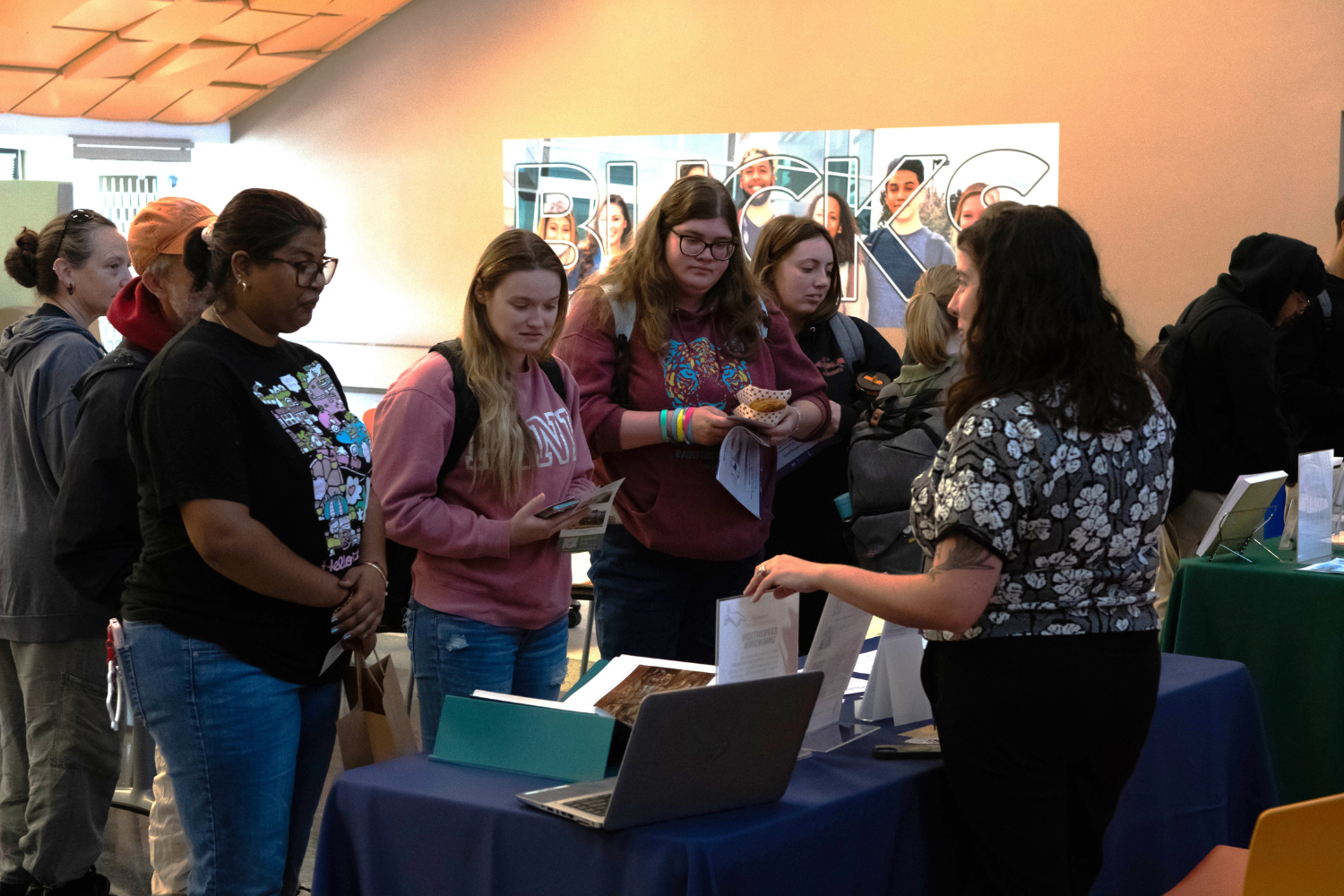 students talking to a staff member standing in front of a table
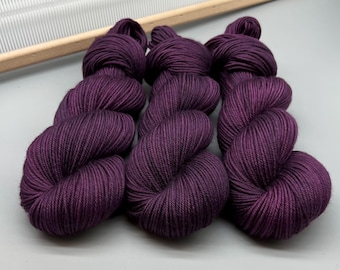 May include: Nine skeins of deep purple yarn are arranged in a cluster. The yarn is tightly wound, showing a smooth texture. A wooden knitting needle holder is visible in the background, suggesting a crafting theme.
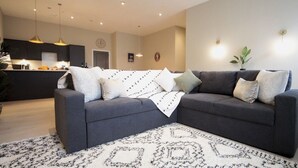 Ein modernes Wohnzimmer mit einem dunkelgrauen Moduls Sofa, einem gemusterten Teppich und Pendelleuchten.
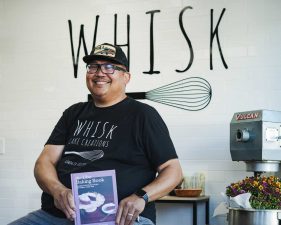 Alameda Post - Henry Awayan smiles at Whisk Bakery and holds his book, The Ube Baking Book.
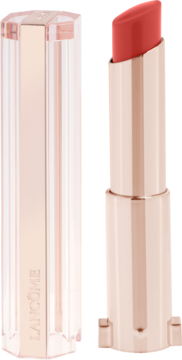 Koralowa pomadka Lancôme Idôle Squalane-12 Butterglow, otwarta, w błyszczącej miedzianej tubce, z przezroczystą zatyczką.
--
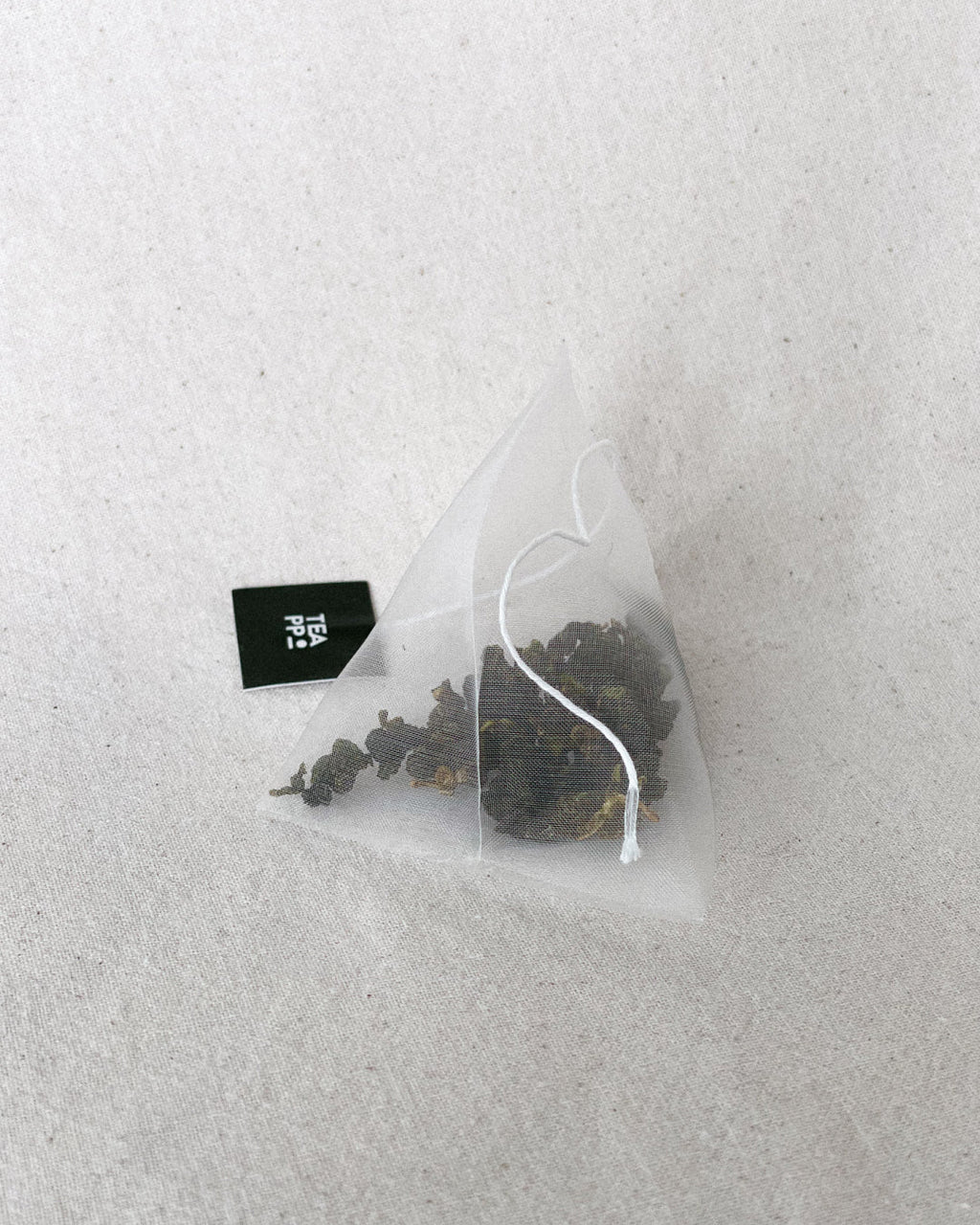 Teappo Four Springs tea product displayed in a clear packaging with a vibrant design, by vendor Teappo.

**WHAT IS BEING ASKED**
The answer should consist only of the lines above from the one with "students talking to" through the one with "Koralowa pomadka Lancôme", repeated exactly, with no pictures among them.

**ANSWER SECTION**
 students talking to a staff member standing in front of a table
 May include: Nine skeins of deep purple yarn are arranged in a cluster. The yarn is tightly wound, showing a smooth texture. A wooden knitting needle holder is visible in the background, suggesting a crafting theme.
 Ein modernes Wohnzimmer mit einem dunkelgrauen Moduls Sofa, einem gemusterten Teppich und Pendelleuchten.
 Alameda Post - Henry Awayan smiles at Whisk Bakery and holds his book, The Ube Baking Book.
 Koralowa pomadka Lancôme Idôle Squalane-12 Butterglow, otwarta, w błyszczącej miedzianej tubce, z przezroczystą zatyczką.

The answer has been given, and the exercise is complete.